▶ [TASK]
Please output exactly the part of the records below that opens with the line containing "K-리그 경남FC VS 인천UDT 축구경기 시축" and closes with the line containing "Rug image 1", both lines included, and nothing else.

▶ [MATERIAL FOR THIS TASK]
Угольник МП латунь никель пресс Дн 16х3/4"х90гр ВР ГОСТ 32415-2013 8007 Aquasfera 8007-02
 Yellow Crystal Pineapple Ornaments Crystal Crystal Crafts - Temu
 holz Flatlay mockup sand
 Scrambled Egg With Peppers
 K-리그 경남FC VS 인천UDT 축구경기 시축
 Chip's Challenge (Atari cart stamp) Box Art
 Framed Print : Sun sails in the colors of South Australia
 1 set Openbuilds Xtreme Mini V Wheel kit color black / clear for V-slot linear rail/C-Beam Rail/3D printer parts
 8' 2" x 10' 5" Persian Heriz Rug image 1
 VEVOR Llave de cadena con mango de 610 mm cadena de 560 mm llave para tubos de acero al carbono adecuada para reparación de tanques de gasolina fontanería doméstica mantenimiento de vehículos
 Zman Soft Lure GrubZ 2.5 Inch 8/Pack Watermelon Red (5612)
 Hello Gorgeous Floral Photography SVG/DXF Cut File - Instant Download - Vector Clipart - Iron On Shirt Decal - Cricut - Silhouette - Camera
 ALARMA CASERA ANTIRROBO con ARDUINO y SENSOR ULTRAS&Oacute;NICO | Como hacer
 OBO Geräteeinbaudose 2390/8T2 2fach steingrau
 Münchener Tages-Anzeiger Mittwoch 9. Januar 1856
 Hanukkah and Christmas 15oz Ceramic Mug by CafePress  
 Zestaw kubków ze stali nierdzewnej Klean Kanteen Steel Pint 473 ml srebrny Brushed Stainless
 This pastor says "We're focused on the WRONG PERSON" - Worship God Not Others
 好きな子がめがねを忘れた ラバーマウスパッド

▶ [TASK ANSWER]
 K-리그 경남FC VS 인천UDT 축구경기 시축
 Chip's Challenge (Atari cart stamp) Box Art
 Framed Print : Sun sails in the colors of South Australia
 1 set Openbuilds Xtreme Mini V Wheel kit color black / clear for V-slot linear rail/C-Beam Rail/3D printer parts
 8' 2" x 10' 5" Persian Heriz Rug image 1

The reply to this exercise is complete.